Disappointment is a real part of hunting, we reasoned. (As much for our sakes as for the childrens’.)
Nothing seemed different as we trekked out the third night, but not long into our hunt we were charged up to see deer - several of them! It wasn’t long before one of our daughters took her first shot - with Grandpa’s help - and downed a doe feeding at the edge of the field below our stand. Shortly after, I took my first shot and hit a deer below our stand on the other side.
(It is amazing to me that when a deer gets shot, the others will often just keep eating. I yell silently, “run away, you idiots!!”)
Then we heard a gunshot from the other stand about 200 yards away. Communicating via text, we learned our other daughter had gotten her first deer with Dad’s help. We could stop right there and this would be a night for the recordbooks!! But one more shot was taken by Dad, making an even four does - one for each of us. As for the girls and I, we each shot our very first deer all on that same night!!
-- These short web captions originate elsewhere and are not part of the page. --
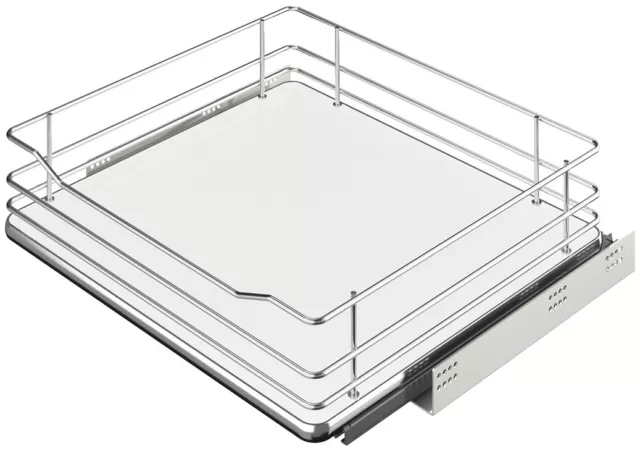 Armario Base Innenauszug Gabinete Cocina Extraible Cromo Cesta 514x475x120 MM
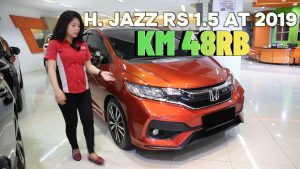 Omega Mobil JUAL/REVIEW JAZZ RS 1.5 AT 2019 KM 48 RB MOBIL BEKAS BANDUNG 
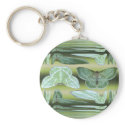 Green moth ~ keychain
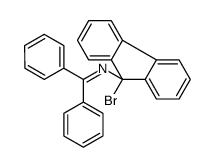 N-(9-bromofluoren-9-yl)-1,1-diphenylmethanimine Structure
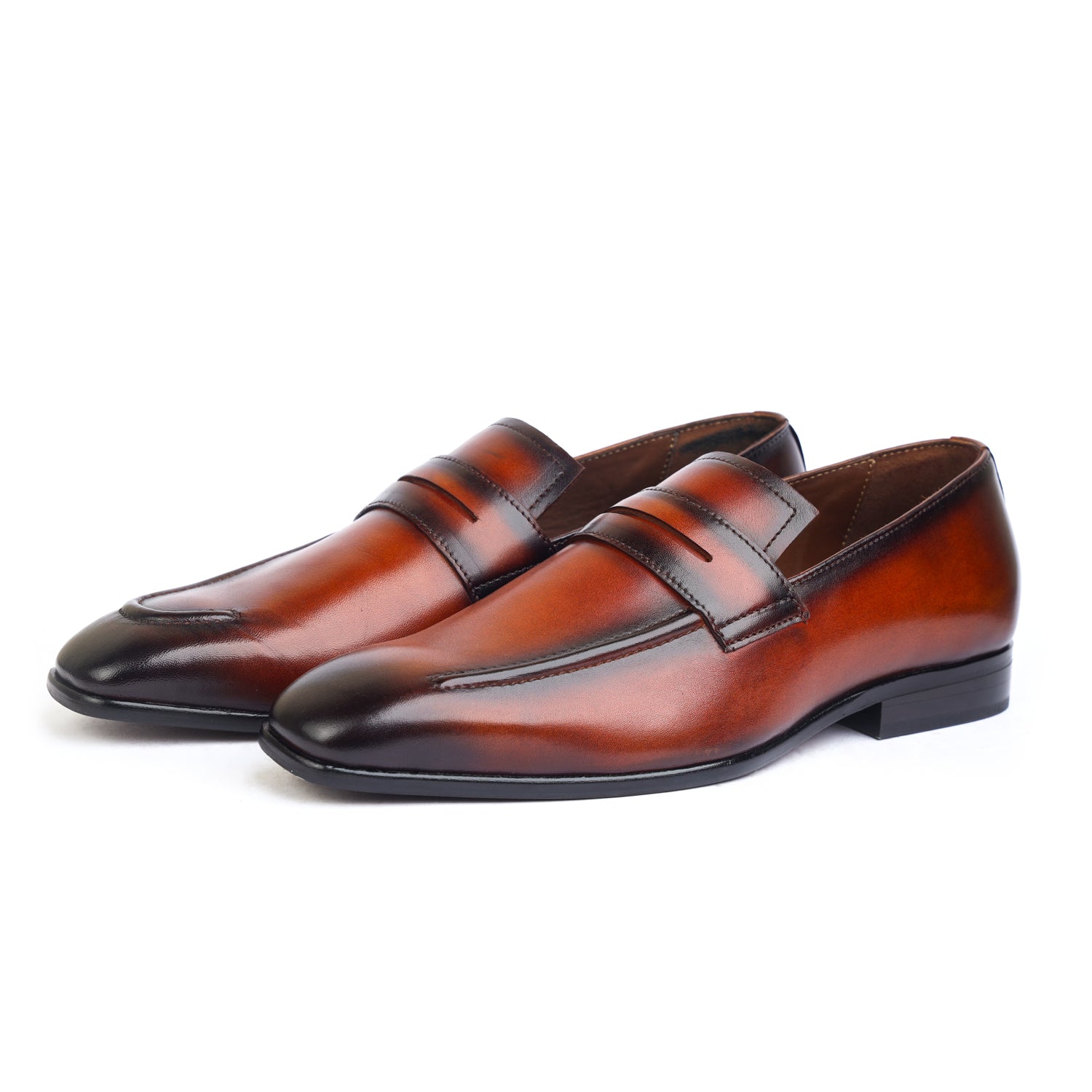 Designer Penny Loafers Hand Patina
I have to admit, I’m not a fan of the gutting process. The girls each received a hands-on experience gutting their own deer that night, but without a word Tim and his dad gutted the other two without requiring my help. I was helpful in the sense of holding the flashlight, moving the truck, words of encouragement and even admiration, but no more was asked of me. Thank God for Dads and Grandpas.
(Note: many amazing women do gut their own deer, my own daughters included, and wow! For now, I’m in the category of “I’d rather not if I don’t have to.” Plus, who else is going to hold the flashlight?)
After the blood and guts were disposed of in the field and the meat was hanging, we made our way home to where Grandma was waiting with a warm, hearty, well-earned dinner. The dismal foreshadowing of the first two nights made the triumph of the third night all the more glorious when it came - a rich sense of mutual fulfillment none of us will ever forget!